We are all judges.
One can try to stay open-minded, but inevitably they will judge and draw conclusions about every person that they meet.
In the wild, animals are hardwired to make quick judgments about predators and prey to survive. And in many ways humans do the same. Whether it is when you see a man walking towards you at night in an unfamiliar neighborhood, or when you are at sitting across the table interviewing a recruit looking for a job, you are actively assessing, measuring and judging people. It is human nature for us to draw conclusions about those around us.
For every person we meet each of us collects data, looks for patterns, and then uses that information to make judgments.
The key in the above sentence though is about collecting the data. Once you realize the way people are seeing you, then you can improve your relationships and interactions with those around you through getting better control and awareness of the signals you are projecting.
When it comes to human relationships it helps to think of each one as a filmstrip, or series of Polaroid pictures. Every time you interact with someone it generates another picture in the sequence. And lots of things are interactions – emails, conversations, meals, or even someone talking about you (and these interactions you have no control over!). Each one of these interactions adds another frame, or data point.
The more frames a person has about you, the more likely their view is more balanced. However, if a person has only heard about you, seen you, or met you once – then they have a very small sample set of information to determine their opinion of you.
Do you know someone who you have never met before but you think they are awful, a jerk, or worse?
Why do you feel this way about someone you don’t know?
Chances are it is because you have read or heard something negative about them. If you met them and spent time with them, it is entirely possible you might not think they are so bad. And if you spent a week with them, you may even grow to like them (now it is also possible you could grow to hate them too – but at least you would be doing so based on your interactions, not heresy and gossip).

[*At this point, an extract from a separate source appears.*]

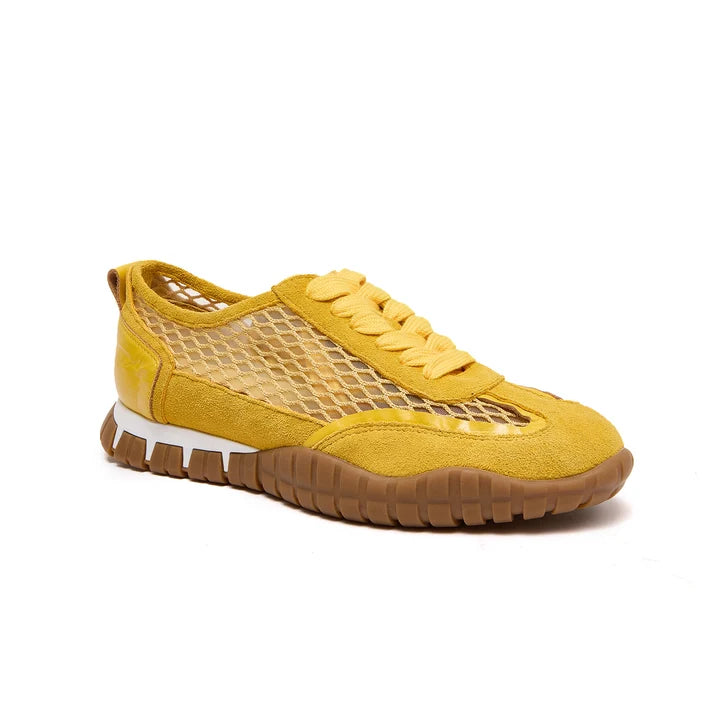 Luxe Runner Sneaker - Lattice Sunshine COMING SOON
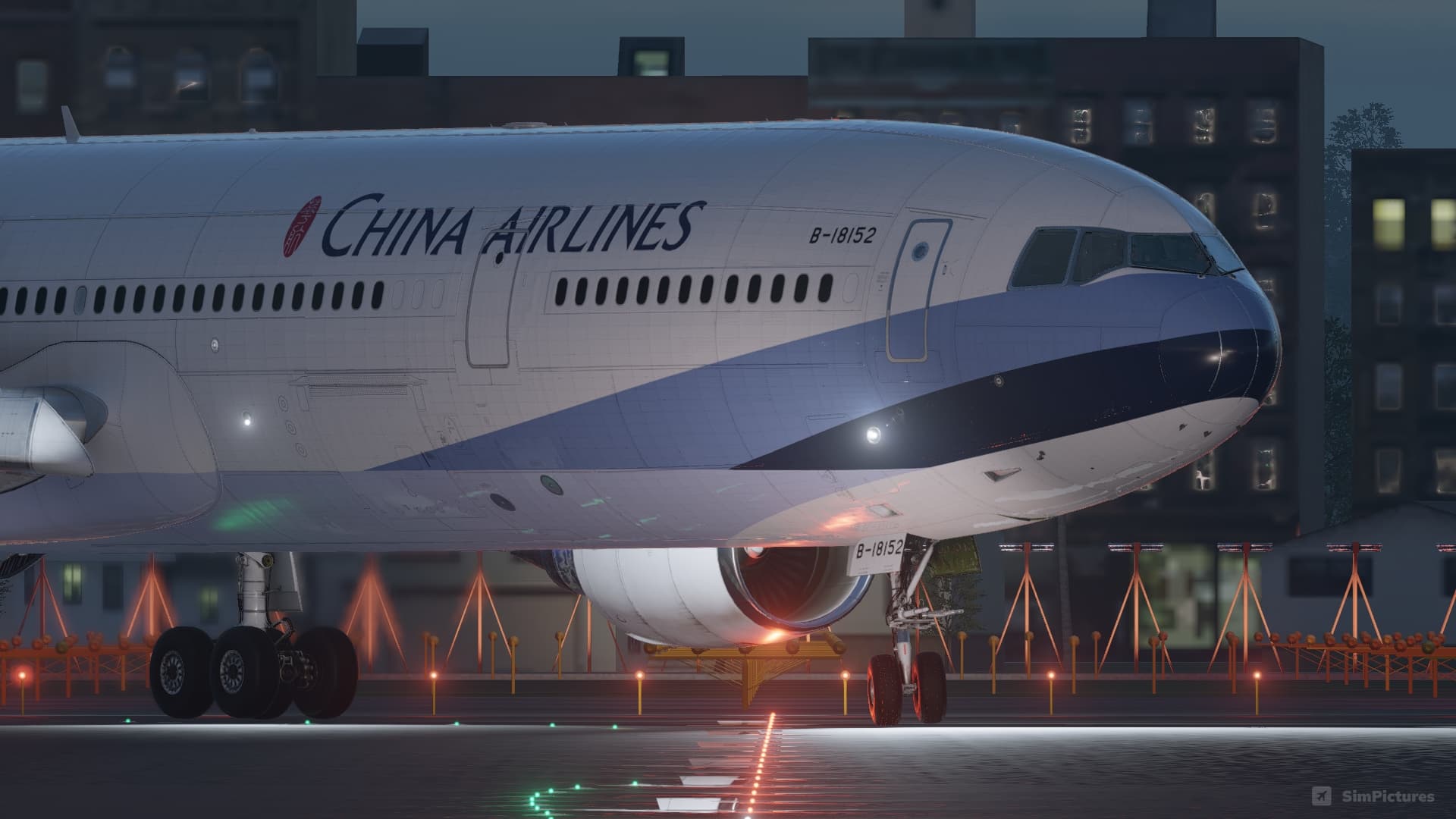 Taking off from Taiwan Taoyuan International Airport (RCTP)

Now think about the source of the information that colored your opinion of the “awful” person. Why do you trust that source?
Chances are if you have a strong relationship (which, in this analogy means a film strip with plenty of frames) with the person who shared this information with you then it is likely you believe what they said. Whereas, if the person who told you something was someone you had only known a short time, or you didn’t have a strong enough relationship to completely trust their judgment, then maybe you think that person “could be” a jerk, but you would be more open to figuring out that yourself given the circumstances.
As a source, your relationships can impact your messages to others.
And the opinions of those around you impact your judgements; and more so the closer you are to the source of the opinions.
This has many implications to relationships, work, and first impressions.
Being nice to everyone is important
You really should be nice to everyone you meet, in person, over email, and even on the Internet.
The world is small (Facebook verified people are really only 6 degrees apart) and so everyone you meet may know, or interact with, a person who could be your future coworker, family member, or customer. And if the people you now know and encounter don’t have the best impression of you, then don’t you worry that may hurt or hinder your future opportunities or relationships?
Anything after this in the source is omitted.